- _HOW TO COMPLETE THIS TASK_: Print the data below exactly as it stands, and keep the pictures out.

- _SUPPLIED MATERIAL_:
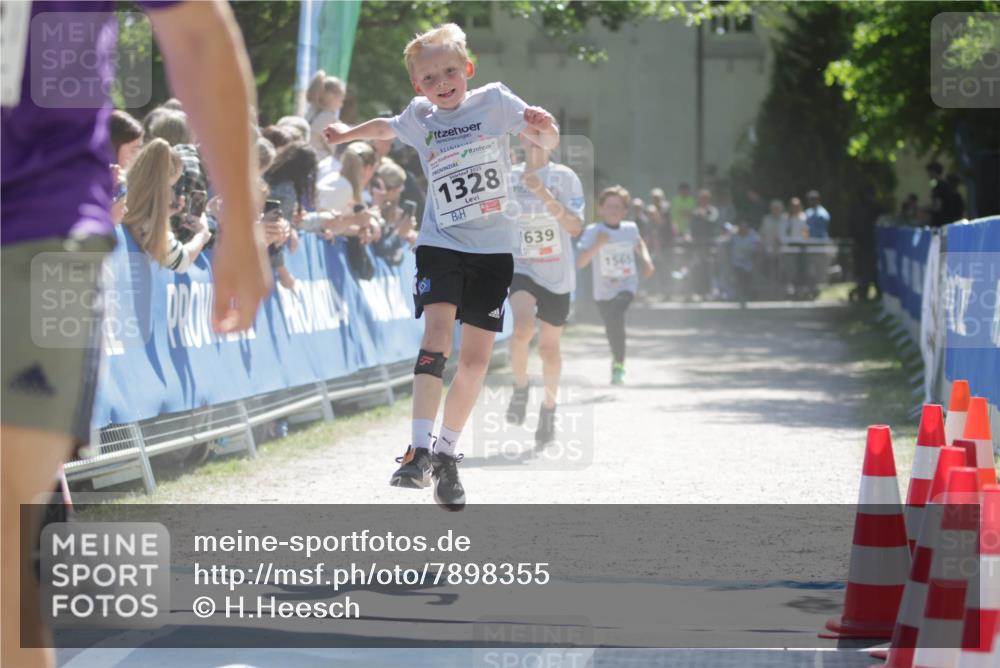 17.05.2025 - Störlauf H.Heesch http://msf.ph/oto/7898355 17.05.2025 14:43:54 Ziel 4, 2025, 1328, 1639, 1565 meine-sportfotos.de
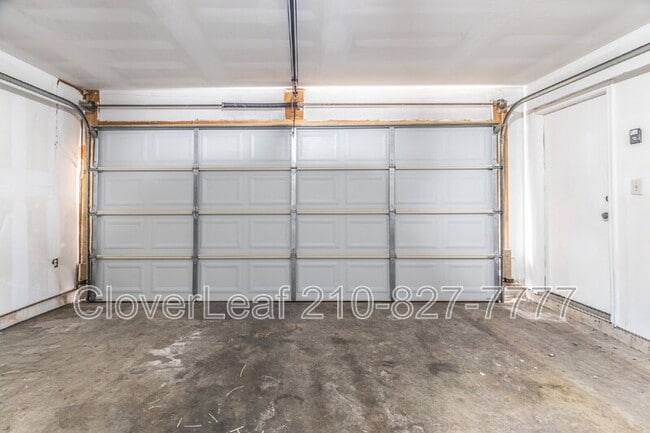 Building Photo - 6203 Lakeview Dr.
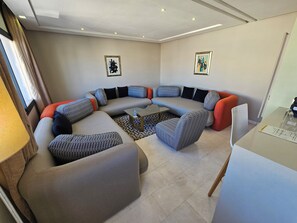 Presidential Suite | Living area | 42-inch flat-screen TV with satellite channels, TV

- _FINISHED EXERCISE_:
 17.05.2025 - Störlauf H.Heesch http://msf.ph/oto/7898355 17.05.2025 14:43:54 Ziel 4, 2025, 1328, 1639, 1565 meine-sportfotos.de
 Building Photo - 6203 Lakeview Dr.
 Presidential Suite | Living area | 42-inch flat-screen TV with satellite channels, TV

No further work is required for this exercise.